Genna Santorelli, a fifth year doctoral student in the clinical psychology program, is honored to have her gerontological research supported by the Center for Research on Families. “I never thought of my work as family research until I sat down to write the proposal” she says, but “these are our parents, our grandparents, these are such important family members in our lives.”
Santorelli’s research focuses on the 10 to 20 percent of Americans age 65 or older experiencing mild cognitive impairment (MCI), a decline in their memory or other cognitive functioning that is not serious enough to significantly interfere with daily life. Declines associated with MCI are noticeable to seniors and to their family and friends. Seniors with MCI may struggle with tasks like abstract reasoning, planning, or keeping track of medications.
Unfortunately, along with MCI come much higher rates of depression, anxiety, and irritability than is typically experienced by healthy seniors. However, the linkages between mild cognitive declines and emotional health have not been thoroughly investigated.
Santorelli’s research will explore the link between MCI and emotional response on a moment-to-moment basis. Her study uses a sad clip from an old movie to mimic everyday upsetting experiences her subjects may encounter as they watch TV, read a book, or scan the news. She seeks to understand if adults with MCI have a stronger negative reaction to upsetting stimuli and whether they recover more slowly than healthy adults. If so, this may help explain their increased risk of depression and anxiety and help seniors and caregivers better understand their emotional responses and adapt their daily environment.

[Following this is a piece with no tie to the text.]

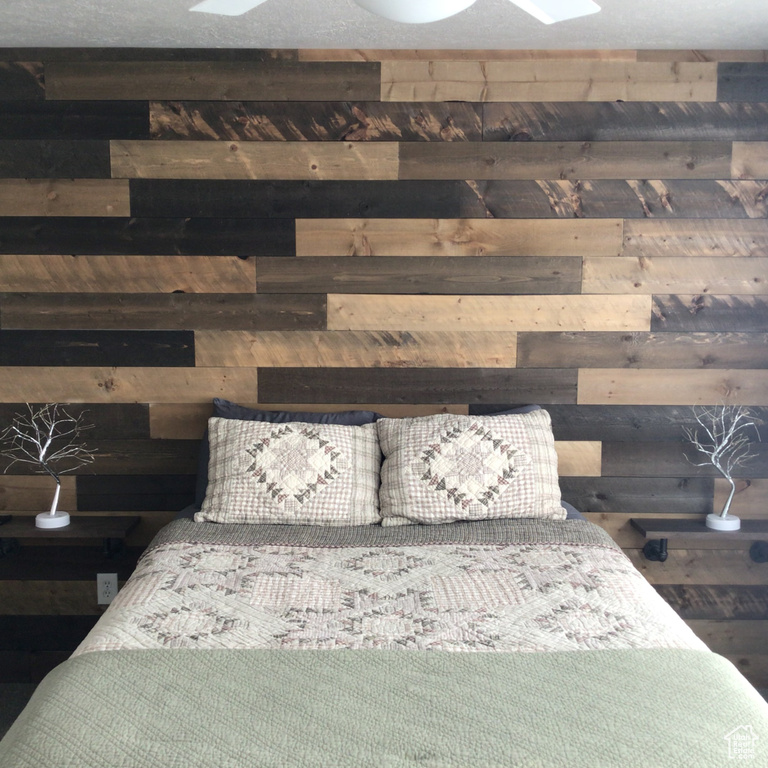 Bedroom featuring wooden walls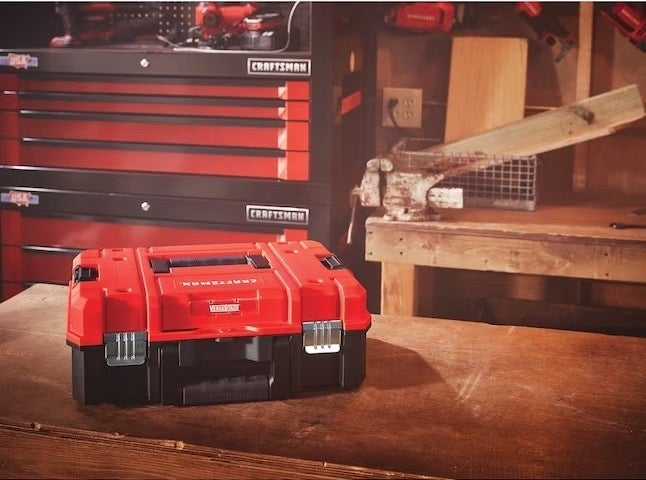 A red toolbox holder in a room with wood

“What CRF has provided me has been wonderful,” says Santorelli. The CRF Dissertation Fellowship in Family Research will allow her the time to make trips to Springfield, MA where many of her participants live. Performing the experiment in a familiar environment was crucial as traveling to the UMass psychology labs could pose a significant barrier for participants with MCI.

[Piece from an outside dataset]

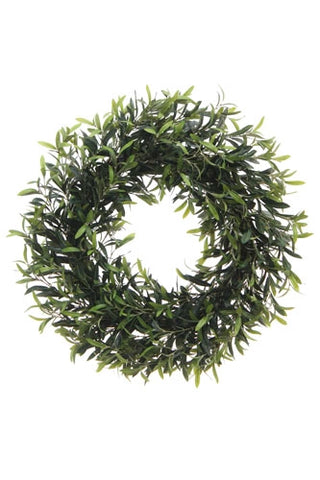 Green artificial wreath on a white background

Santorelli views her award from CRF as a confirmation of the “immensely important role” older adults play in our lives and the challenges many families face as their love ones experience cognitive declines and emotional disturbances. Because of the false assumption that emotional decline is a normal part of aging, seniors and caregivers may be less likely to take steps to prevent and address the issue. By better understanding the mechanisms of negative emotional experiences for adults with MCI, Santorelli’s work will help dispel inaccurate assumptions and inform possible solutions for our aging population.